‘Everybody has a breaking point’: how the climate crisis affects our brains
In late October 2012, a category 3 hurricane howled into New York City with a force that would etch its name into the annals of history. Superstorm Sandy transformed the city, inflicting more than $60bn in damage, killing dozens, and forcing 6,500 patients to be evacuated from hospitals and nursing homes. Yet in the case of one cognitive neuroscientist, the storm presented, darkly, an opportunity.

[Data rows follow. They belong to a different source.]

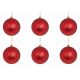 Χριστουγεννιάτικες Μπάλες Κόκκινες με Στρας - Σετ 6 τεμ. (8cm)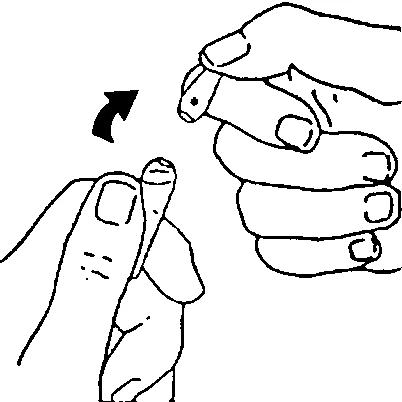 Disegno che mostra due mani, una delle quali tiene un piccolo oggetto mentre l'altra esegue un movimento rotatorio indicato da una freccia nera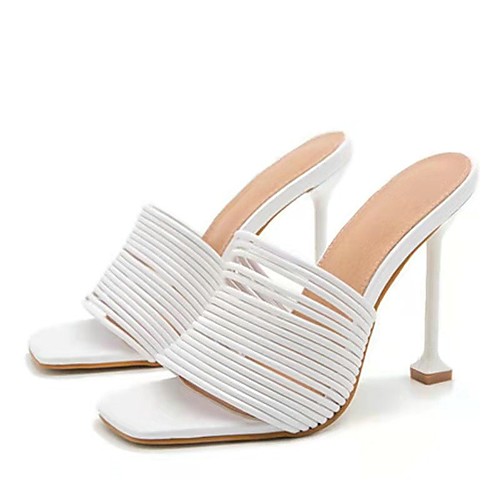 

Women's Heels Pumps Square Toe PU White Black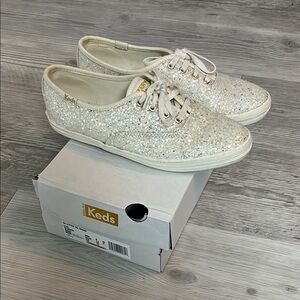 Keds Glitter Cel Cream Sneakers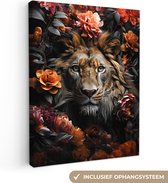 Tableau toile 120x160 cm - Fleurs de lion - Accessoires de décoration de chambre - Peintures salon - Décoration murale animal chambre - Décoration murale cuisine - Décoration murale intérieur - Décoration maison colorée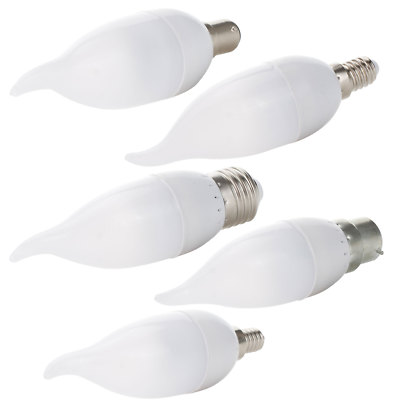 LED Candle Light Bulbs Dimmable 3W Flame Chandelier E14 E27 E26 E12 B22 B15 Lamp
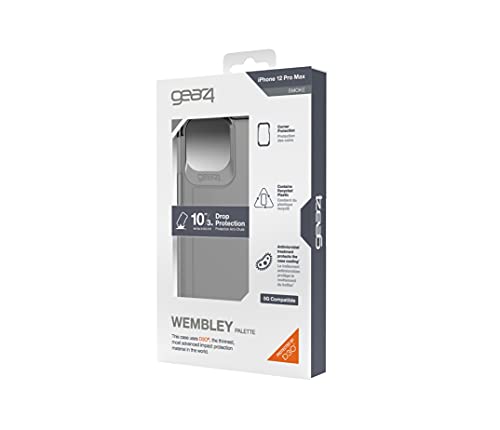 Gear4 Wembley Palette Kompatibel mit iPhone 12 Pro Max - Fortschrittlicher Aufprallschutz, Integrierte D3O-Technologie, Schutzhülle für Telefon - Smoke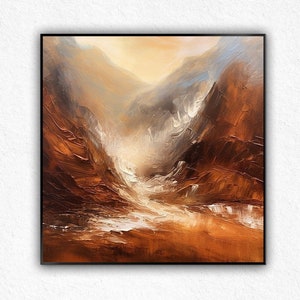 Landscape Painting, 100%Original Canvas Handmade, Textured Painting, Acrylic Abstract Oil Painting, Wall Decor Living Room, Office Wall Art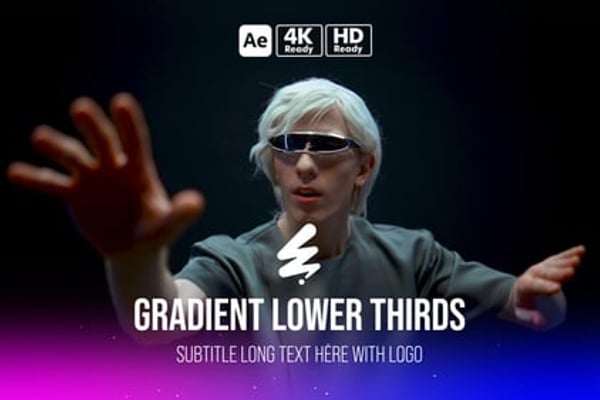 Gradient Lower Thirds – Modern Animated Title Bar Motion Pack
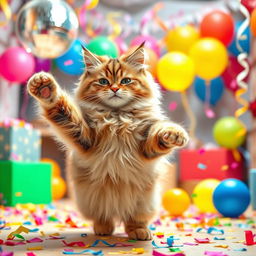 A humorous scene featuring a fluffy, playful cat dancing joyfully
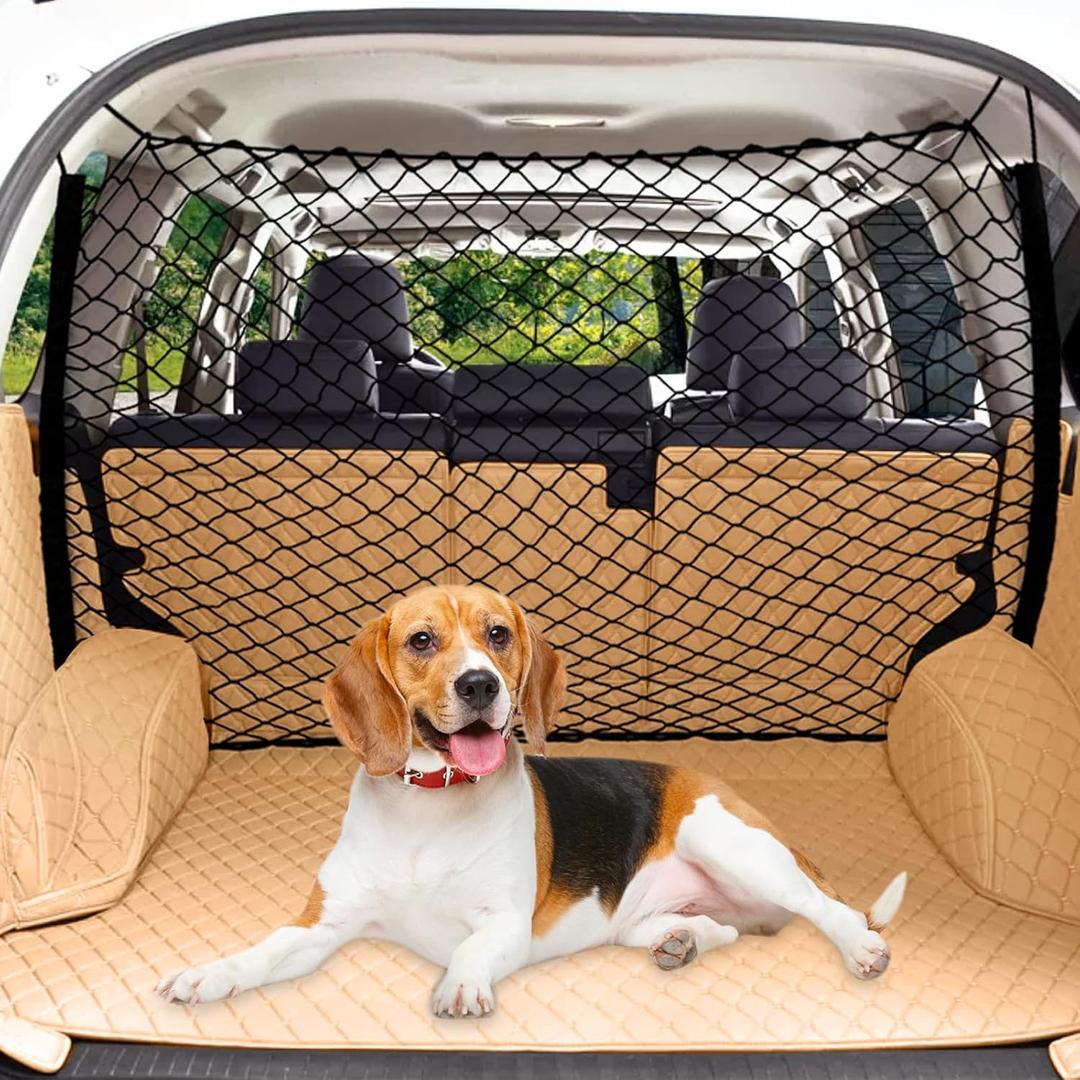 Dog Car Barrier Net Pet Car Divider Back Seat Barrier Net for Trucks, SUV, Full Sized Sedans Pet Restraint Car Backseat Divider Vehicle Gate Cargo Area Travel Trunk Mesh Net Screen Barricade (47.2x27.5 Inch)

Yoko Nomura had found herself at the centre of a natural experiment. Prior to the hurricane’s unexpected visit, Nomura – who teaches in the psychology department at Queens College, CUNY, as well as in the psychiatry department of the Icahn School of Medicine at Mount Sinai – had meticulously assembled a research cohort of hundreds of expectant New York mothers. Her investigation, the Stress in Pregnancy study, had aimed since 2009 to explore the potential imprint of prenatal stress on the unborn. Drawing on the evolving field of epigenetics, Nomura had sought to understand the ways in which environmental stressors could spur changes in gene expression, the likes of which were already known to influence the risk of specific childhood neurobehavioural outcomes such as autism, schizophrenia and attention deficit hyperactivity disorder (ADHD).
The storm, however, lent her research a new, urgent question. A subset of Nomura’s cohort of expectant women had been pregnant during Sandy. She wanted to know if the prenatal stress of living through a hurricane – of experiencing something so uniquely catastrophic – acted differentially on the children these mothers were carrying, relative to those children who were born before or conceived after the storm.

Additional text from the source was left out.